Some thoughts on Vehicle Telematics & Big Data application in CRM

From OEMs perspective, every new technology has to serve the ultimate goal, selling more cars.

Traditionally, just like other business department, CRM can only base their decision making on sales related data. In comparison, the data collected directly from the vehicle via telematics has the following advantages:

  • much better data – OEMs get data from customers directly instead of through 3 parties; this means both accuracy and completeness of data.
  • has a much higher frequency – instead of once in a while, we get updates from customers/vehicles constantly;
  • higher flexibility – OEMs are able to change the data collection policy and setup with minimal management overhead;

The same can be said for the other direction – delivering information from OEMs to customers. The advantages of precise targeting are so well established that I don’t even need to list them here.

The only side effect of doing CRM using vehicle telematics is, this will accumulate huge amount of data – Big Data.

Interestingly, for OEMs, the motivation to employ big data hasn’t been strong enough till recently. That’s because, for OEMs, there’s already established practices in traditional business intelligence. The added value of changing to a new technology hasn’t been so obvious or significant.

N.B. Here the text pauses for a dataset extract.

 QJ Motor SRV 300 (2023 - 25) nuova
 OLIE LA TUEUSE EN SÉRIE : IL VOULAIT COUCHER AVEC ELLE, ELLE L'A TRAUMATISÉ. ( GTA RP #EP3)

It’s true that Big Data as a field of special expertise, stemmed from real world need of storing, processing ever increasing amount of data. However, A whole set of technologies were developed to deal with the new challenges posed by the volume of data. Along with this development, the focus of Big Data have changed from volume and velocity towards data mining, artificial intelligence and machine learning. It’s in these aspects where Big Data may provide unique value to CRM compared to traditional BI.

Take the sales pipeline for example:

  1. Campaign
  2. Leads
  3. Opportunities
  4. Sales
  5. Client
  6. Retention

Traditional wisdom dictates that the data in each stages has to be complete, reliable and continuous, otherwise the model won’t make much sense. However, that is actually a limitation of the ability of the tools and the model. Traditional BI is incapable of dealing with incomplete data; the model it based upon cannot handle fuzziness.

However, in real world, incomplete data is the norm, fuzziness is simply the nature of human as oppose to machines. Luckily, techniques have been developed in Big Data to deal with incomplete data and fussiness. With these techniques, CRM system will behave more like human, making predictions based on  incomplete data with probabilities in mind.